Parallel Legal Systems Are The Red Line For Constitutional Conservatives

Witnesses sympathetic to Roy’s concerns drew a crucial distinction that many headlines skipped. One expert testified that the American system “does not recognize parallel sovereign systems operating outside constitutional supremacy, judicial review, equal protection, due process or the rule of law.”[4] The real constitutional alarm, he said, sounds when any religious or ideological system tries to exercise “coercive civil authority independent of the Constitution while claiming immunity from constitutional accountability.”[4] That is a bright line most conservatives instinctively support.

From that standpoint, the hearings were less about what Muslims believe and more about what any group, religious or otherwise, does with power. The same witness expressly stated that “the constitutional concern is not private worship or voluntary religious practice,” but arises where systems attempt to establish adjudicatory structures that assert Sharia as binding law.[4] This view squares with the conservative commitment to one sovereign, one Constitution, and rejection of any competing legal regime, whether Islamic, Marxist, or otherwise. The message: worship freely, but you cannot run a second court system.

Texas, Islamic Enclaves, And The Evidence Gap

Roy and allies tried to show this was not hypothetical. They highlighted a 2024 effort tied to members of a Plano mosque to develop a 402-acre Islamic enclave that, according to their description, would be governed by Sharia, placing Islamic jurisprudence above state and federal law.[3][4] They also referenced Islamic tribunals in Texas, portraying them as “shadow courts” whose very existence is “repugnant to the spirit of the Constitution.”[2][4] These examples became the emotional backbone of the threat narrative.

Yet the record, as made public, left holes that critics exploited. The hearings did not introduce zoning filings, bylaws, or covenants proving that any enclave would impose Sharia rules on non-consenting residents or claim immunity from state law.[3] Nor did they show court cases where Sharia-based arbitration awards overrode constitutional rights at scale. Supporters offered an urgent warning; skeptics saw a set of worrying anecdotes without the documentary spine conservatives usually demand before government acts. That evidentiary gap matters, especially for those who value limited government and due process.

Democrats Flipped The Script To Religious Liberty And Anti-Hysteria

Democrats did not merely disagree; they argued the premise of the hearing was itself un-American. Ranking Member Mary Gay Scanlon and other members accused the majority of whipping up “hysteria” about a religious minority and using Congress to decide which faith traditions are compatible with American life.[4][5] To them, the phrase “Sharia-Free America” echoed previous waves of fear politics rather than a sober constitutional discussion about courts and sovereignty.[5]
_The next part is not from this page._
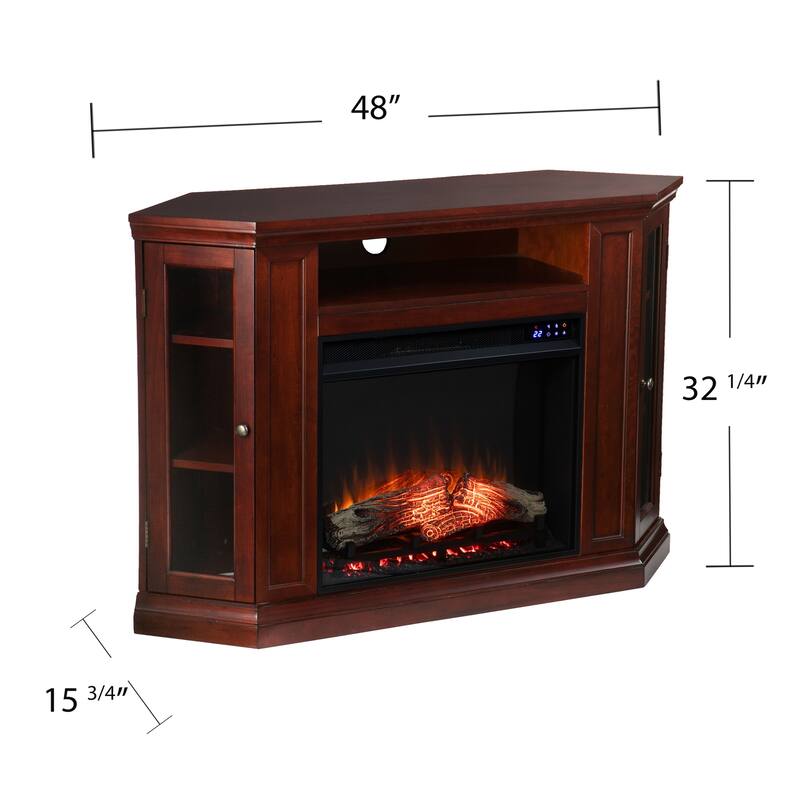 48 in. Freestanding Wooden Smart Electric Fireplace TV Stand in Black ideal for elegant interior styling,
A key counter-witness, Baptist Joint Committee executive director Amanda Tyler, warned that if Congress targets one religion’s internal norms today, another faith’s doctrines could be targeted tomorrow.[5] She reminded lawmakers that the First Amendment protects belief, worship, religious instruction, peaceful association, and voluntary observance for everyone, not just majority faiths.[5] From that angle, any sweeping anti-Sharia statute could collide head-on with the Free Exercise Clause and effectively create a religious test for full membership in public life—exactly what the Constitution forbids.

The Conservative Balancing Act: Guard The Republic, Or Guard Against Overreach?

The hearings exposed a tension inside the right-of-center coalition that usually stays under the surface. On one side, Roy and his allies appealed to core conservative instincts: defend the rule of law, protect women and children, and refuse to apologize for American constitutional supremacy.[3][4] On the other, traditional religious-liberty advocates and some libertarian-leaning conservatives hear echoes of the same government power that could one day declare Christian, Jewish, or other doctrines “incompatible” with modern rights.[5]

The most constitutionally grounded position, and the one that best matches common sense, threads a narrow path. The nation must reject any parallel coercive legal system that claims to stand above the Constitution; that is non-negotiable and already written into our structure through the Supremacy Clause and the First Amendment.[4] At the same time, Americans should be wary of turning “Sharia” into a catch-all label for suspicion of neighbors who simply pray differently. The line to defend is not between “Islam” and “the West,” but between voluntary religious practice and any attempt—by anyone—to rule outside the Constitution.

Sources:

[1] Web – Why Political Islam & Sharia Law Are Incompatible with the U.S. …

[2] Web – Why Political Islam & Sharia Law are Incompatible with the U.S. …

[3] Web – Rep. Roy Leads Hearing Highlighting the Threat of Sharia Law in …

[4] YouTube – Hearing on “Sharia-Free America: Part II”

[5] Web – Why I testified at a congressional hearing on anti-Sharia laws – BJC

© restoreamericanglory.com 2026. All rights reserved.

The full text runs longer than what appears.